THE TASK: Return the exact lines from the one containing "Vriesea Flaming Sword" through the final line of the material below, with both ends kept.

DATA SHOWN:
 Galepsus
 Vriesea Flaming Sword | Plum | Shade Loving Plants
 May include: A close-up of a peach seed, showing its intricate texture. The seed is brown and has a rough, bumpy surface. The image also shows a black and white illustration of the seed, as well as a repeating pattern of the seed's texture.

ANSWER:
 Vriesea Flaming Sword | Plum | Shade Loving Plants
 May include: A close-up of a peach seed, showing its intricate texture. The seed is brown and has a rough, bumpy surface. The image also shows a black and white illustration of the seed, as well as a repeating pattern of the seed's texture.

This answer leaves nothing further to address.